Brown, J.D. (in press). Pragmatics tests: Different purposes, different tests. In K.R. Rose & G. Kasper (Eds.), Pragmatics in language teaching. New York: Cambridge University Press.

Edmondson, W., House, J., Kasper, G. & Stemmer, B. (1984). Learning the pragmatics of discourse: A project report. Applied Linguistics, 5, 113-127.

Habermas, J. (1971). Vorbereitende Bemerkungen zu einer Theorie der kommunikativen Kompetenz [Preliminary remarks on a theory of communicative competence] In J. Habermas & N. Luhmann, Theorie der Gesellschaft oder Sozialtechnologie? [Theory of society or social technology?] (pp. 101-141). Frankfurt: Suhrkamp.

Habermas, J. (1984).

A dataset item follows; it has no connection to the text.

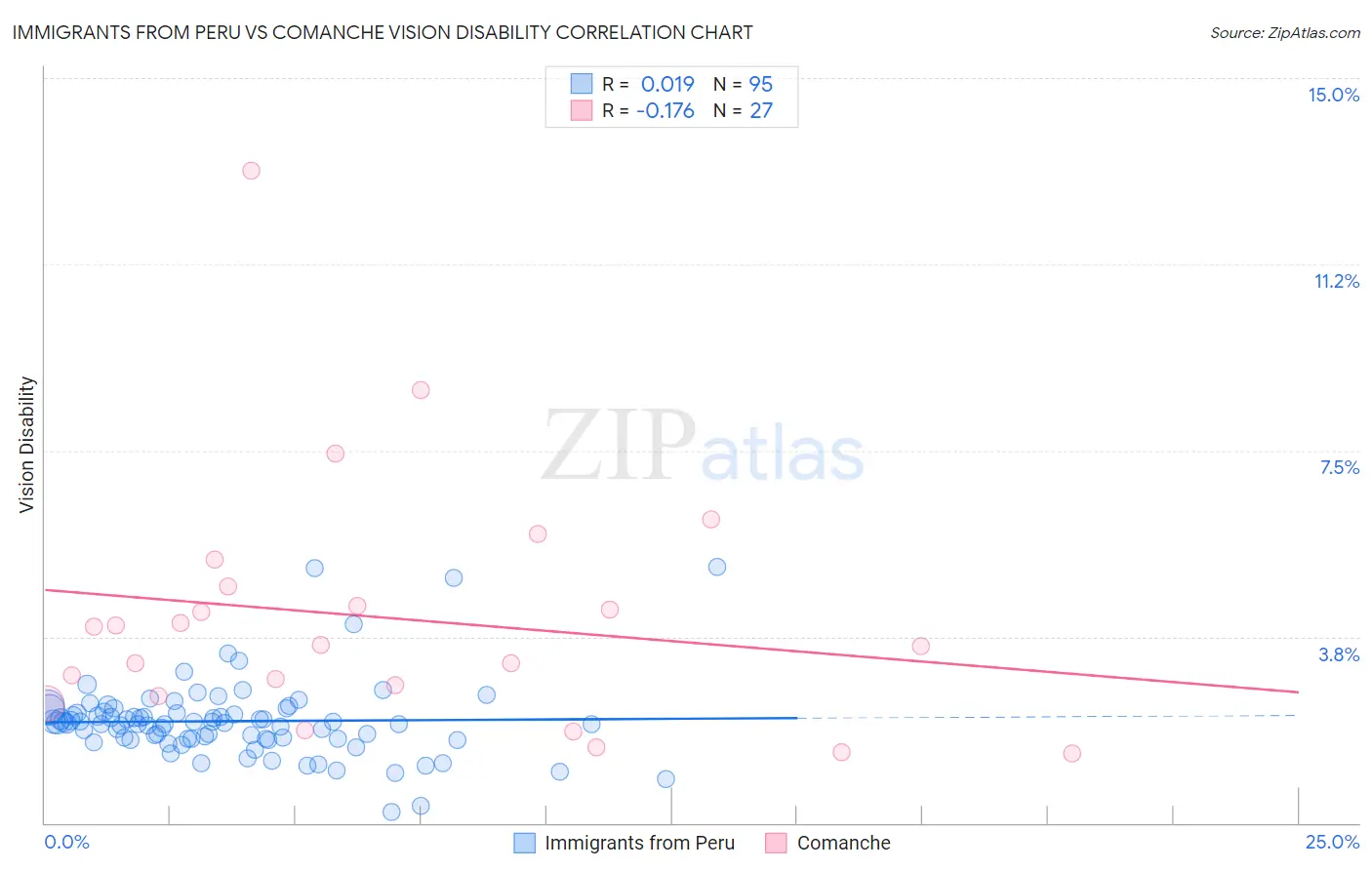 Immigrants from Peru vs Comanche Vision Disability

The theory of communicative action: Vol. 1. Reason and the rationalization of society. T. McCarthy, transl. Boston: Beacon Press (Original 1981).

Hudson, T., Detmer, E. & Brown, J. D. (1995). Developing prototypic measures of cross-cultural pragmatics (Technical Report #7). Honolulu, HI: University of Hawai'i, Second Language Teaching and Curriculum Center.

Kasper, G. (1997). Can pragmatic competence be taught? (Net Work #6) [HTML document]. Honolulu: University of Hawai'i, Second Language Teaching & Curriculum Center. http://www.lll.hawaii.edu/nflrc/NetWorks/NW6/ [access: 1997 April 10].

Kasper, G. (in press). Classroom research on interlanguage pragmatics. In K.R. Rose & G. Kasper (Eds.), Pragmatics in language teaching. New York: Cambridge University Press.

Norris, J.M. (in press). Use of address terms on the German Speaking Test. In K.R. Rose & G. Kasper (Eds.), Pragmatics in language teaching. New York: Cambridge University Press.

Röver, C. (in progress). Bringing pragmatics into assessment: Development of a proficiency test of pragmatics for learners of English. Doctoral dissertation, University of Hawai'i at Manoa.

Yamashita, S. O. (1996b). Six measures of JSL Pragmatics (Technical Report #14). Honolulu, HI: University of Hawai'i, Second Language Teaching and Curriculum Center.

Yoshitake, S. S. (1997). Measuring interlanguage pragmatic competence of Japanese students of English as a foreign language: A multi-test framework evaluation. Unpublished doctoral dissertation, Columbia Pacific University, Novata, CA.